*** INFORMATION SHOWN Section Begins ***

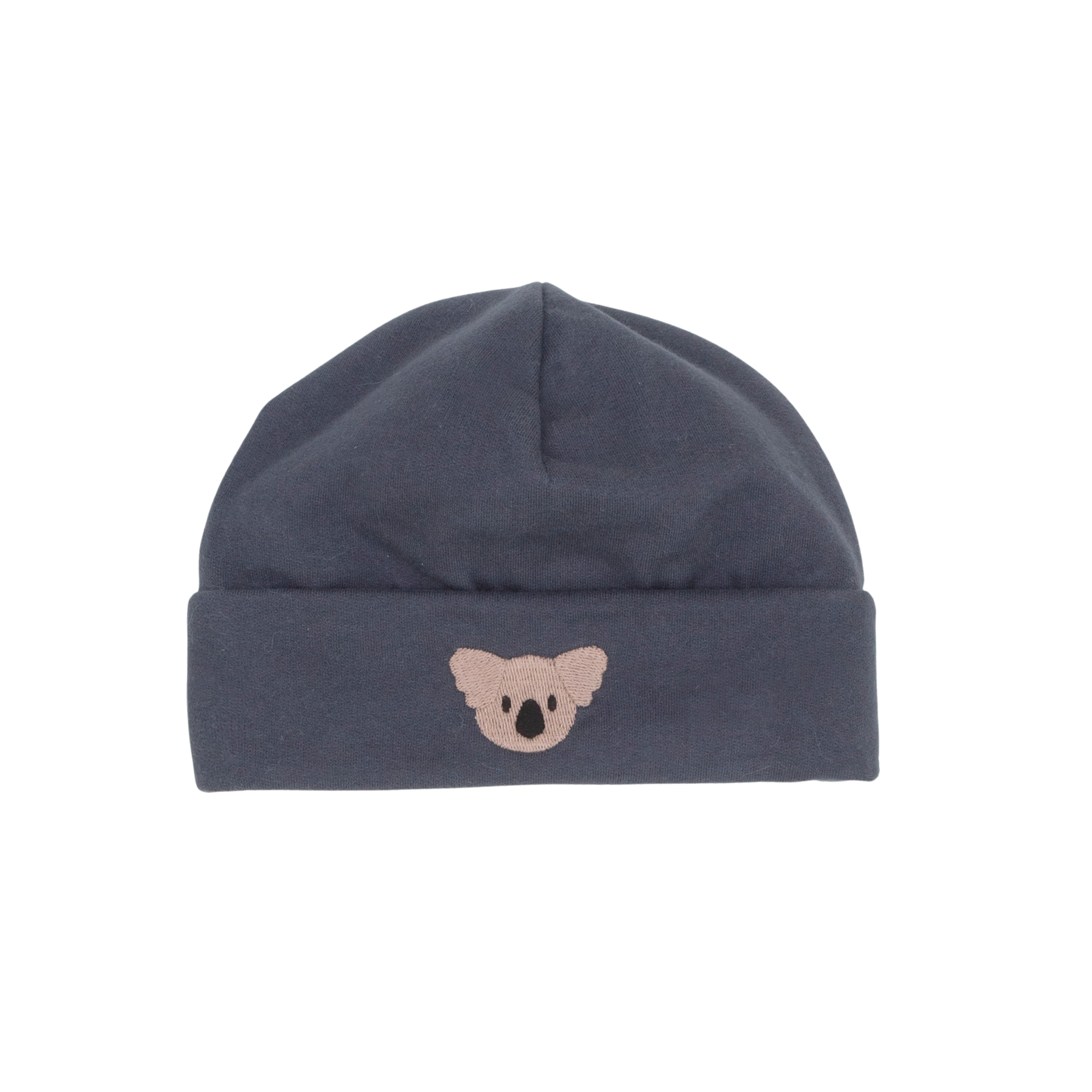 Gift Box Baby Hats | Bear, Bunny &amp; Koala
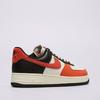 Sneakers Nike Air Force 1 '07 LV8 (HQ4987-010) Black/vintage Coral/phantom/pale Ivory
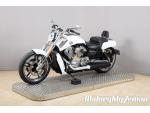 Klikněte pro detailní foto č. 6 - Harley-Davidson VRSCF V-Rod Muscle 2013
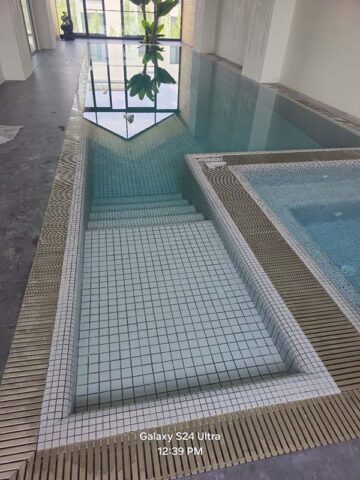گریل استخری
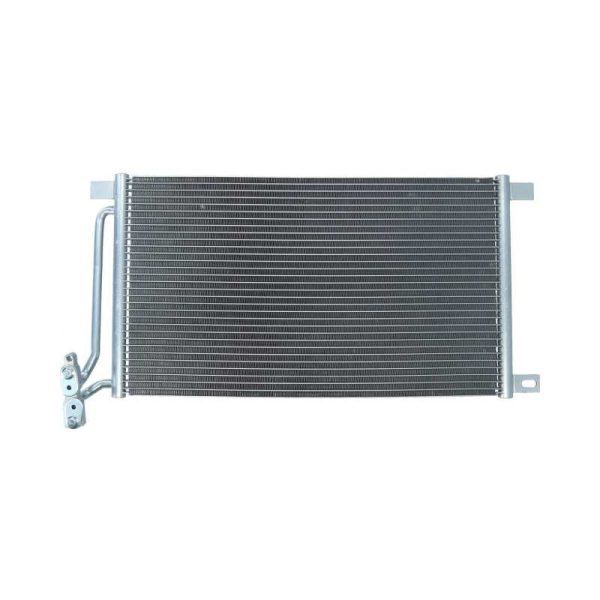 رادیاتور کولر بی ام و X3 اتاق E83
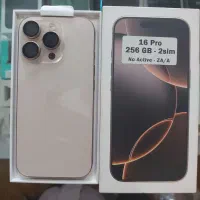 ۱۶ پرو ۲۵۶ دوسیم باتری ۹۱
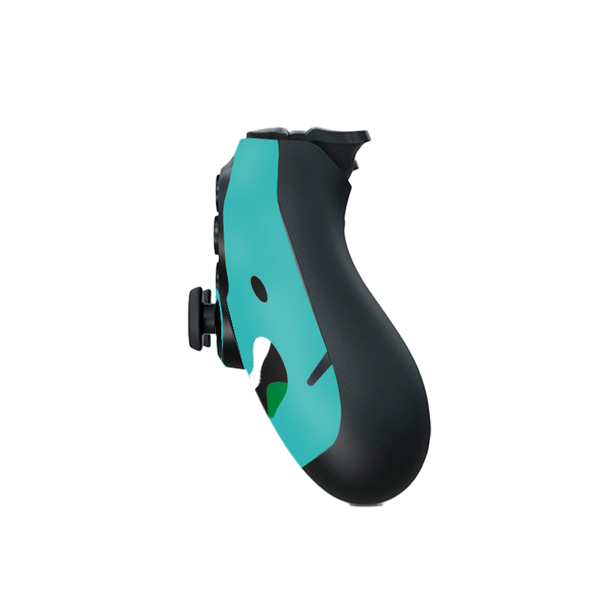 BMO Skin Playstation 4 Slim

*** INFORMATION SHOWN Section Ends ***
*** INFORMATION SHOWN Section Begins ***

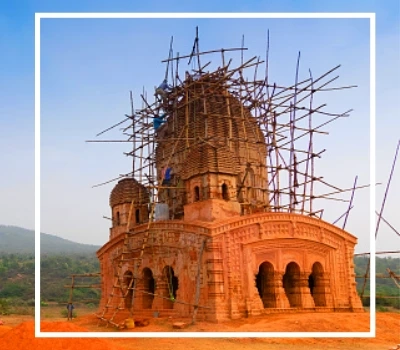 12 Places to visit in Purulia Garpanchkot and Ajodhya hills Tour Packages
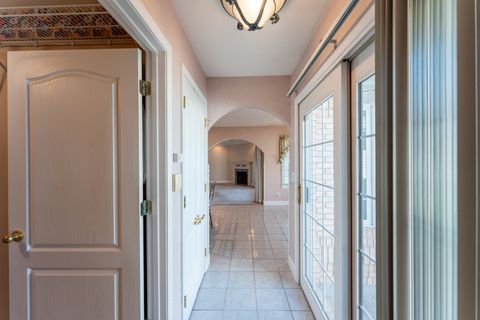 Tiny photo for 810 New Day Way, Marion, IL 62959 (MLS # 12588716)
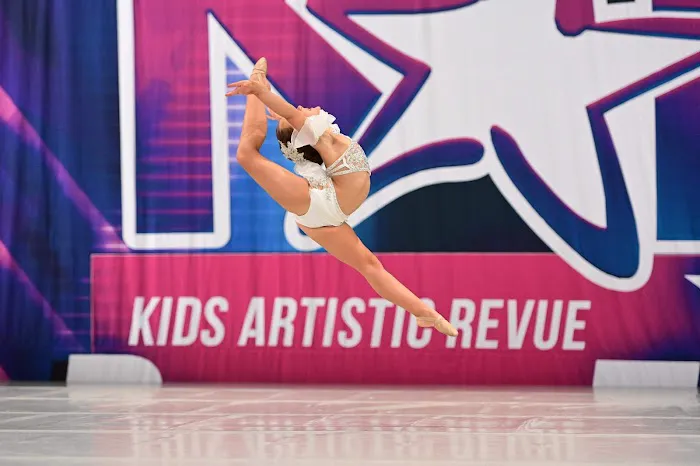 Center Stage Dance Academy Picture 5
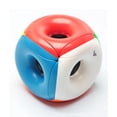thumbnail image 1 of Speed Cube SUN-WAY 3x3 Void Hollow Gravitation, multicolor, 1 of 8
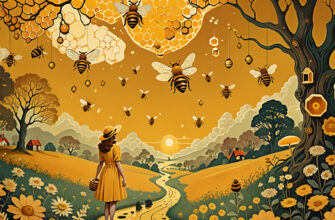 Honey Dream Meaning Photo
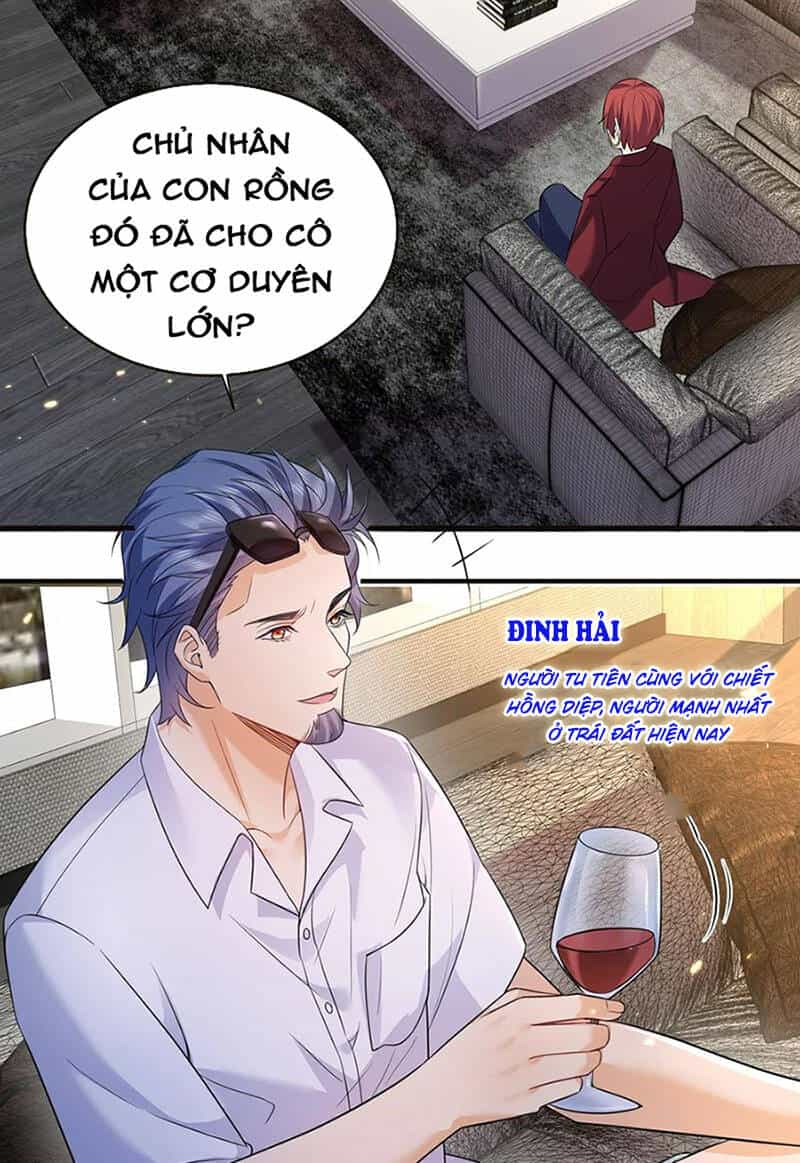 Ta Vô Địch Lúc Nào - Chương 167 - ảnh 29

*** INFORMATION SHOWN Section Ends ***
*** INFORMATION SHOWN Section Begins ***

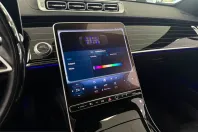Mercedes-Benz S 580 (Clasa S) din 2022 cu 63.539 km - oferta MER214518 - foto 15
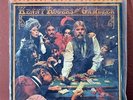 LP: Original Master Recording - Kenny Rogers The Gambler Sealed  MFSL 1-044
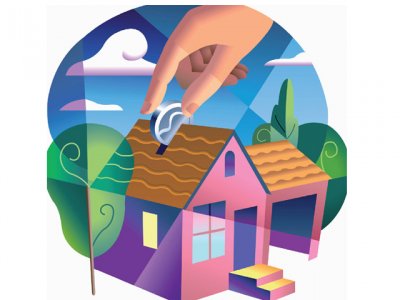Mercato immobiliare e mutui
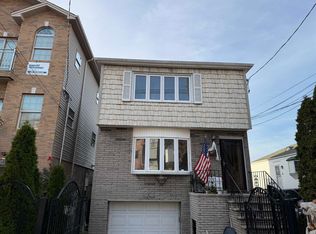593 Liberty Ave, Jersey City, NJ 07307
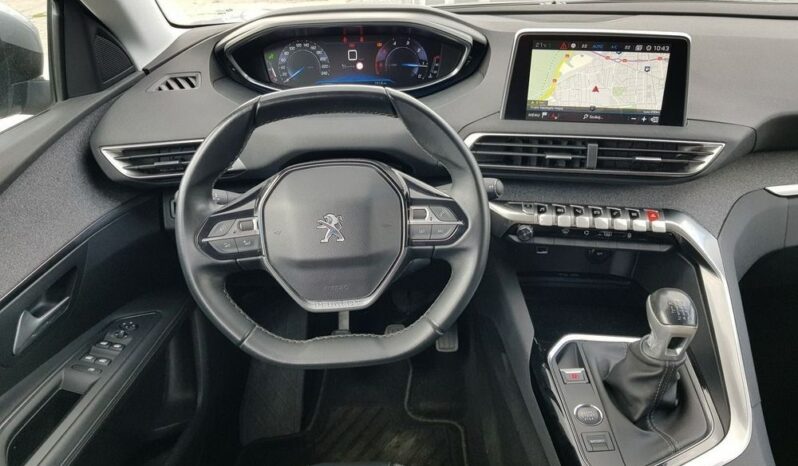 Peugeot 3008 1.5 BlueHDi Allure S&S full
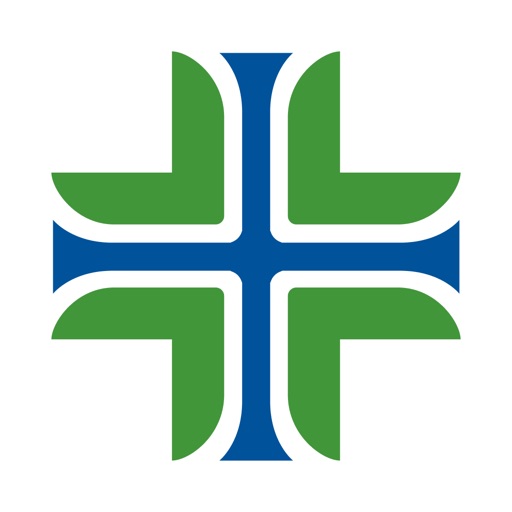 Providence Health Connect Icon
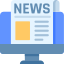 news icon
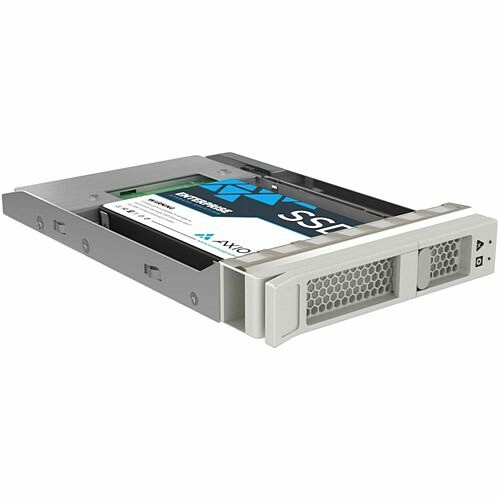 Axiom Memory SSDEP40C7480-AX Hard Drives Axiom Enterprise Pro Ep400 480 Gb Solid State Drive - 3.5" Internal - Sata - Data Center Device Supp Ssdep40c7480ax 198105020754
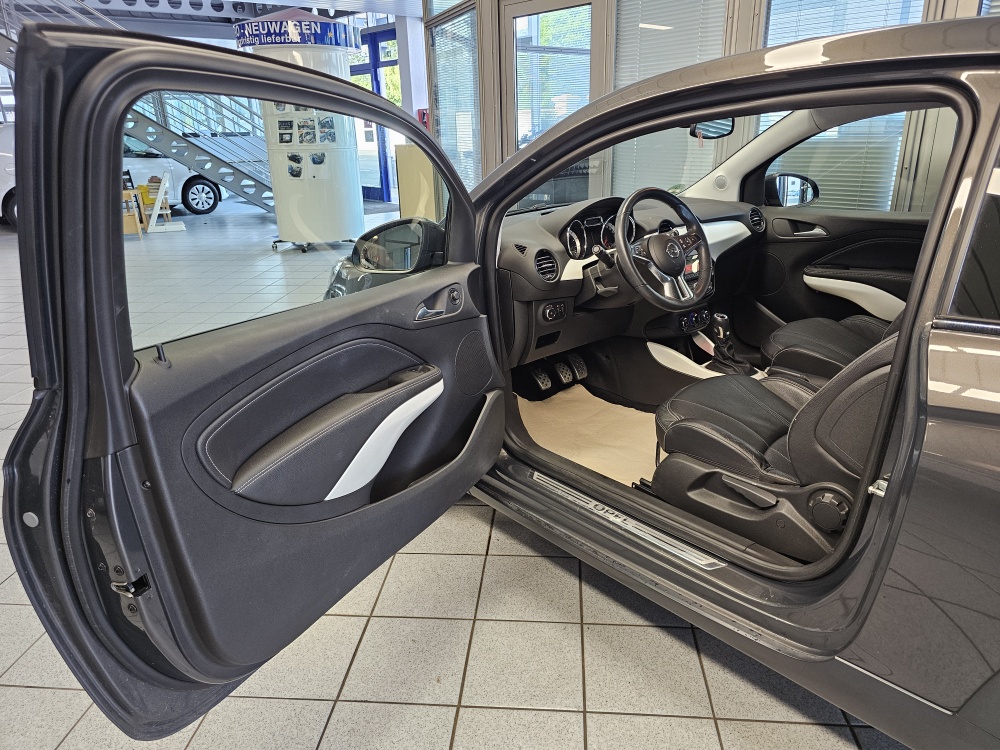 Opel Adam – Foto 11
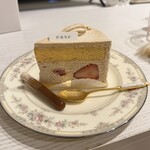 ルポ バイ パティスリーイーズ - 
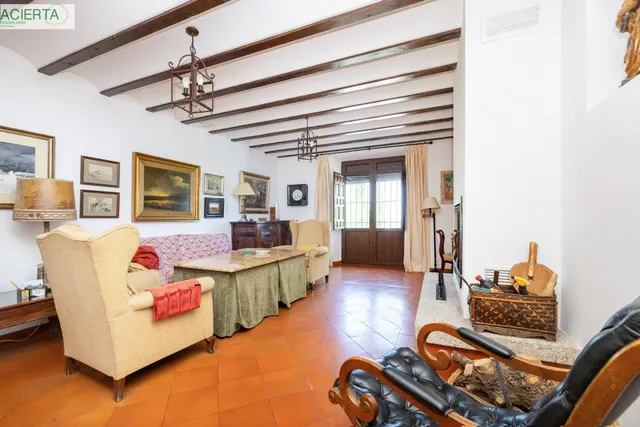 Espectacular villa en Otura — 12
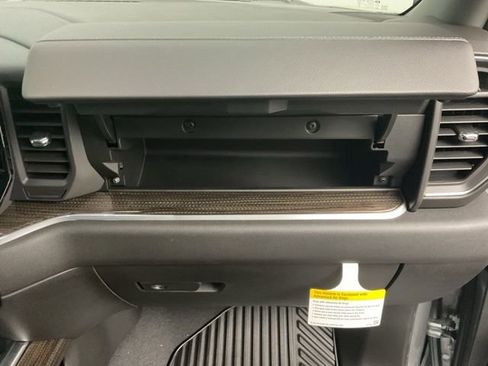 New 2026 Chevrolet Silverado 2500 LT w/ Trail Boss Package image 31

*** INFORMATION SHOWN Section Ends ***

REQUIREMENT: The stretch above running from the line with "Mercedes-Benz S 580" through the line with "New 2026 Chevrolet" is all you should copy, exactly, leaving out the pictures.

SOLVED PROBLEM:
Mercedes-Benz S 580 (Clasa S) din 2022 cu 63.539 km - oferta MER214518 - foto 15
 LP: Original Master Recording - Kenny Rogers The Gambler Sealed  MFSL 1-044
Mercato immobiliare e mutui
593 Liberty Ave, Jersey City, NJ 07307
 Peugeot 3008 1.5 BlueHDi Allure S&S full
 Providence Health Connect Icon
 news icon
 Axiom Memory SSDEP40C7480-AX Hard Drives Axiom Enterprise Pro Ep400 480 Gb Solid State Drive - 3.5" Internal - Sata - Data Center Device Supp Ssdep40c7480ax 198105020754
 Opel Adam – Foto 11
 ルポ バイ パティスリーイーズ - 
 Espectacular villa en Otura — 12
 New 2026 Chevrolet Silverado 2500 LT w/ Trail Boss Package image 31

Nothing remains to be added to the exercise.